Here is cufile.log after running ./cufile_sample_001 /mnt/nvme/bar 0 and having TRACE as logging level.
cufile.log (74.1 KB)

The nvme is mounted as data=ordered
/dev/nvme0n1p1 /mnt/nvme ext4 defaults,data=ordered 0 2 in fstab

It used to work, I have not idea why it has broken down.

There are similar issues [1] [2]
But those are both because of usage of non Quadro or Tesla GPU. But I believe that A4000 is supported

Hi,
Thanks for sharing cufile.log. It seems the error is coming from the nvidia_fs driver. Just to make sure, I would suggest to recompile nvidia_fs driver and load that on the new upgraded kernel.

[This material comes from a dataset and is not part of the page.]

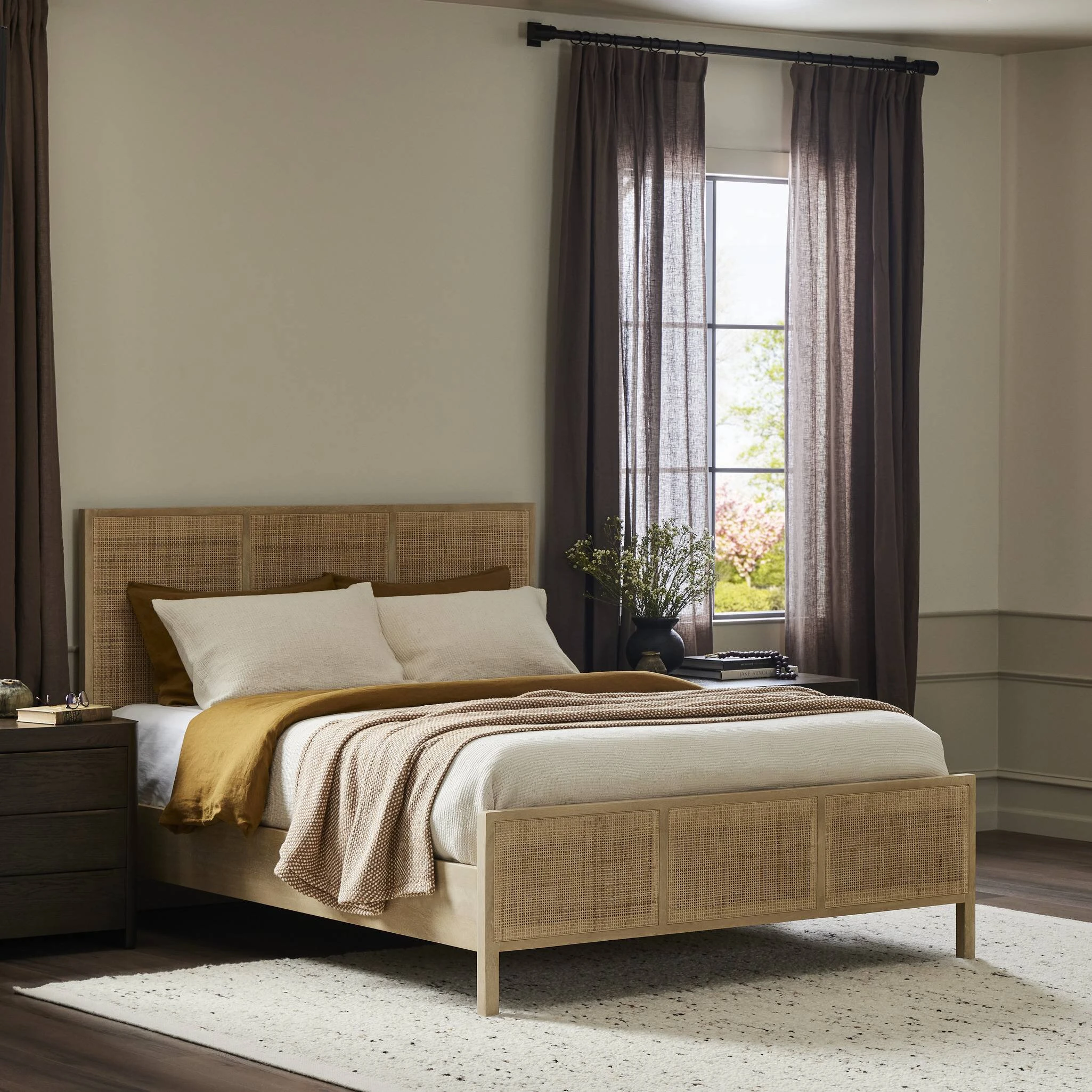 Sydney Bed - IPRS-030Q IPRS030Q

If you still see the issue, please do the following and share dmesg output and /var/log/kern.log file.

echo 3 | sudo tee /sys/module/nvidia_fs/parameters/dbg_enabled

Hey, I removed nvidia-fs and reinstalled it. I still have no success :(
Here are my files after enabling your debugging command.
mydmesg.log (196.3 KB
kern.log (3.0 MB)

@rmitra Sorry for the pings, but any tips ahead?

Just making sure, did you recompile the driver before installing it ? Here is the GitHub link for the driver: GitHub - NVIDIA/gds-nvidia-fs: NVIDIA GPUDirect Storage Driver.

@rmitra
Yes I did, it did not work :(
After running ./cufile_sample_001 /mnt/nvme/bar 0
mydmesg.log (48.4 KB)
cufile.log (75.6 KB)

Also, one thing I observed
export CONFIG_MOFED_VERSION=$(ofed_info -s | cut -d '-' -f 2) [From build guide of nvidia_fs]
This results in

$ echo $CONFIG_MOFED_VERSION
internal

Is this supposed to be correct? I installed doca-ofed using doca-extra.

Also, thanks a lot for your time and response.